▸ Activity
Scan the records for the string "green"; copy each line where it occurs.

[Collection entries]
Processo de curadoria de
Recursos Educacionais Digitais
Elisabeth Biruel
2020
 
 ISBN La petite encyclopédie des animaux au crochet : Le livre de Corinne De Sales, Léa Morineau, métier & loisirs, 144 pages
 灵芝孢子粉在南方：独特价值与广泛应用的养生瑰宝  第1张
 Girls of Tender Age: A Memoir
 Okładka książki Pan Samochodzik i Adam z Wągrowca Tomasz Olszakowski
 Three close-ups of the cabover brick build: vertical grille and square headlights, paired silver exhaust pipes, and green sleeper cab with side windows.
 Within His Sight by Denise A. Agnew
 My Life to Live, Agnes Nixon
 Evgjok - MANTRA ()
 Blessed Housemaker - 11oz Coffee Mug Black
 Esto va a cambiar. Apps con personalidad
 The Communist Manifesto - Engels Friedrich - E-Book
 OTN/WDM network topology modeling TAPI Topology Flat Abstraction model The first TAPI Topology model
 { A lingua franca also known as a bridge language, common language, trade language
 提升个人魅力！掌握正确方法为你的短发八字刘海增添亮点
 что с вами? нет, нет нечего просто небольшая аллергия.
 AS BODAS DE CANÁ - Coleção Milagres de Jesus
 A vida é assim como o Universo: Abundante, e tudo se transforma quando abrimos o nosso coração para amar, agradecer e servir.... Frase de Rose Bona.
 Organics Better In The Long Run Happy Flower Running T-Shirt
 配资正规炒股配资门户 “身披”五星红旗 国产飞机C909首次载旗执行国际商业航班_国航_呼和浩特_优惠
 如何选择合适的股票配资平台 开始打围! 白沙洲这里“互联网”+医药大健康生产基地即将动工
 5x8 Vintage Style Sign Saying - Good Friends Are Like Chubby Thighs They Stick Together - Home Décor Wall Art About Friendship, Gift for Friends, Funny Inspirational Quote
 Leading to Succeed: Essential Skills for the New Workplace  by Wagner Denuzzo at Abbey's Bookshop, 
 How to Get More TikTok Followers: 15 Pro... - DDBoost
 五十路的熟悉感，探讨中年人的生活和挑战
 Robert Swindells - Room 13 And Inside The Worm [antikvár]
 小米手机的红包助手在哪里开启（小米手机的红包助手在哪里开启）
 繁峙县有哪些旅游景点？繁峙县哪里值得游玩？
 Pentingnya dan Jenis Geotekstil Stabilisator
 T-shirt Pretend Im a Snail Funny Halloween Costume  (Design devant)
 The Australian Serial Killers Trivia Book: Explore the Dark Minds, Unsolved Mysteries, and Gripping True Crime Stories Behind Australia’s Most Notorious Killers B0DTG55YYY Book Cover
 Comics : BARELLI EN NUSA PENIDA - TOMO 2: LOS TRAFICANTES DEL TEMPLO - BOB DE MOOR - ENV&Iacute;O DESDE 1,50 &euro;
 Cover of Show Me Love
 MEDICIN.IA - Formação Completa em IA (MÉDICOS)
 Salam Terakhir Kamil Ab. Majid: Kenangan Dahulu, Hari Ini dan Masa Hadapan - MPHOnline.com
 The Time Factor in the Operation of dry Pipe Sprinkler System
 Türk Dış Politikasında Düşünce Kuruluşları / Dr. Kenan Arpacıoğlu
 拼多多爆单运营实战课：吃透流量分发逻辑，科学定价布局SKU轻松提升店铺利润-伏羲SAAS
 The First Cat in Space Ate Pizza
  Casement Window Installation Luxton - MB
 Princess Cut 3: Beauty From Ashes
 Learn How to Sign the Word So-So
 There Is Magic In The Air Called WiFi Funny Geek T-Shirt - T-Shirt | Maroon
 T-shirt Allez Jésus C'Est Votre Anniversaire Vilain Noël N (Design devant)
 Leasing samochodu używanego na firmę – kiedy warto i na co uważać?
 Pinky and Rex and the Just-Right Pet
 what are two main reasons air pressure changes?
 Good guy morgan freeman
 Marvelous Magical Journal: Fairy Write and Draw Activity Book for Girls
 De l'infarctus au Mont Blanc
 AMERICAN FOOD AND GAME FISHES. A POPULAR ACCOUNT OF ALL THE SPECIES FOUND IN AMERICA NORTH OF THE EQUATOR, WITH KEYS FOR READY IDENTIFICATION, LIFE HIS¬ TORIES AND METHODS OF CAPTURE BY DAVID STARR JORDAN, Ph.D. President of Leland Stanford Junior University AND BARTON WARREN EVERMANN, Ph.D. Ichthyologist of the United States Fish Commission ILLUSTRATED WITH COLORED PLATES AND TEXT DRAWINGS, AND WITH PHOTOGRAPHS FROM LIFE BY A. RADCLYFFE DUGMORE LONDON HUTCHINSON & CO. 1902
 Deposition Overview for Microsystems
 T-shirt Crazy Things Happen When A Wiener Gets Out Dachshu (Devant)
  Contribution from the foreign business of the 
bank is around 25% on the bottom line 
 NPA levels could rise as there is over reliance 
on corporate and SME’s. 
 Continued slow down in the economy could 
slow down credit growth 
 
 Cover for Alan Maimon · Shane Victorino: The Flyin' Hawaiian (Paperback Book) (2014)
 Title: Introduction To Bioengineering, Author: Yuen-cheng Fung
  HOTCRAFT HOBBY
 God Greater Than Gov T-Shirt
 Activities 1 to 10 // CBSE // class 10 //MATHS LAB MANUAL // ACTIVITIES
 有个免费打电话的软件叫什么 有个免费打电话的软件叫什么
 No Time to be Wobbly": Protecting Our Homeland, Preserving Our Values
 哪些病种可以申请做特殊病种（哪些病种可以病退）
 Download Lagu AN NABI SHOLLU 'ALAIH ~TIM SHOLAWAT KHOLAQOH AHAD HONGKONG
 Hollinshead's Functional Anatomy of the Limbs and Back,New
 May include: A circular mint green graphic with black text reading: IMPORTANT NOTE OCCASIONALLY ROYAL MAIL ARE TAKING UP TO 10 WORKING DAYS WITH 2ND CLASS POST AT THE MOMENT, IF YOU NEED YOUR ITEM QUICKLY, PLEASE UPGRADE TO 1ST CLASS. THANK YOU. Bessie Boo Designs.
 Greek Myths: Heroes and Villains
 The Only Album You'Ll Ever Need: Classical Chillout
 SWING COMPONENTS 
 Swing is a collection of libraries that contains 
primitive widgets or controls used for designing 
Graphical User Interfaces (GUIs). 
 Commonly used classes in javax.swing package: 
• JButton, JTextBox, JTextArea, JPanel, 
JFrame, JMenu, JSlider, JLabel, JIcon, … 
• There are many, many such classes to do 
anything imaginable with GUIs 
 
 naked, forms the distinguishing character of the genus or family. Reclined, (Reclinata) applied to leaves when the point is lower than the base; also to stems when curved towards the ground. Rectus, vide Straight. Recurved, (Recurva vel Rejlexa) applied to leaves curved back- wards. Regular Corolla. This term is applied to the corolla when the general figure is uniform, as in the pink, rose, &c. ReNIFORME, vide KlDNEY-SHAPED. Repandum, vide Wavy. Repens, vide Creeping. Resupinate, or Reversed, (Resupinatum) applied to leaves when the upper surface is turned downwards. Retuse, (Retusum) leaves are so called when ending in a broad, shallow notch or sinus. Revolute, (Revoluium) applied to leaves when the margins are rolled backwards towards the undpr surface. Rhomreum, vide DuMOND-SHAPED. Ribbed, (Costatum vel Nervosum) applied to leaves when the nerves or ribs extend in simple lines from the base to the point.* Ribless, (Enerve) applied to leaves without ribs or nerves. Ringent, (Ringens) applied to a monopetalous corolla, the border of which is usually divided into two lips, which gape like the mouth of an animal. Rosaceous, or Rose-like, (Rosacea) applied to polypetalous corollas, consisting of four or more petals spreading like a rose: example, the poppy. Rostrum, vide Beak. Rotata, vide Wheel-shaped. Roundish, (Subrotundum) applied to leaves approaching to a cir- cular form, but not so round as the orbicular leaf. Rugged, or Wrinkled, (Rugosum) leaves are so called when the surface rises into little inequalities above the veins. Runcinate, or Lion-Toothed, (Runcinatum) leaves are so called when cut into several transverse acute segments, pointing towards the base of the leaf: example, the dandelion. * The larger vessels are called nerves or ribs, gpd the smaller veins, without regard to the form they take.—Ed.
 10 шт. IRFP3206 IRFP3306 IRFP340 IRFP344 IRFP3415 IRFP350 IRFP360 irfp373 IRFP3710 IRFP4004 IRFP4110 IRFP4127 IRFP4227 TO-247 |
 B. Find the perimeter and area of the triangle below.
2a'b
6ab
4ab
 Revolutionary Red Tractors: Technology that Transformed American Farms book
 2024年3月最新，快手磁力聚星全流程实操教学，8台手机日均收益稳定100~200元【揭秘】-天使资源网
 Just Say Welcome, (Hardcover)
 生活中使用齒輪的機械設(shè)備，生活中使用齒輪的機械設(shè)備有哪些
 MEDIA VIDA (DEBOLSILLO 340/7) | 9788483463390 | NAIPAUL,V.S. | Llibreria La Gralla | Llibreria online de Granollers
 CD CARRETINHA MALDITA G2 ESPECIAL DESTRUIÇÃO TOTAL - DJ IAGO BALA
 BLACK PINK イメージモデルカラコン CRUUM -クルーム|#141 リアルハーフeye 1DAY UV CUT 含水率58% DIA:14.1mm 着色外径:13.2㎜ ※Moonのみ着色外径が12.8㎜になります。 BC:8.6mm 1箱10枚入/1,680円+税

▸ Solution to the problem
 Three close-ups of the cabover brick build: vertical grille and square headlights, paired silver exhaust pipes, and green sleeper cab with side windows.
 May include: A circular mint green graphic with black text reading: IMPORTANT NOTE OCCASIONALLY ROYAL MAIL ARE TAKING UP TO 10 WORKING DAYS WITH 2ND CLASS POST AT THE MOMENT, IF YOU NEED YOUR ITEM QUICKLY, PLEASE UPGRADE TO 1ST CLASS. THANK YOU. Bessie Boo Designs.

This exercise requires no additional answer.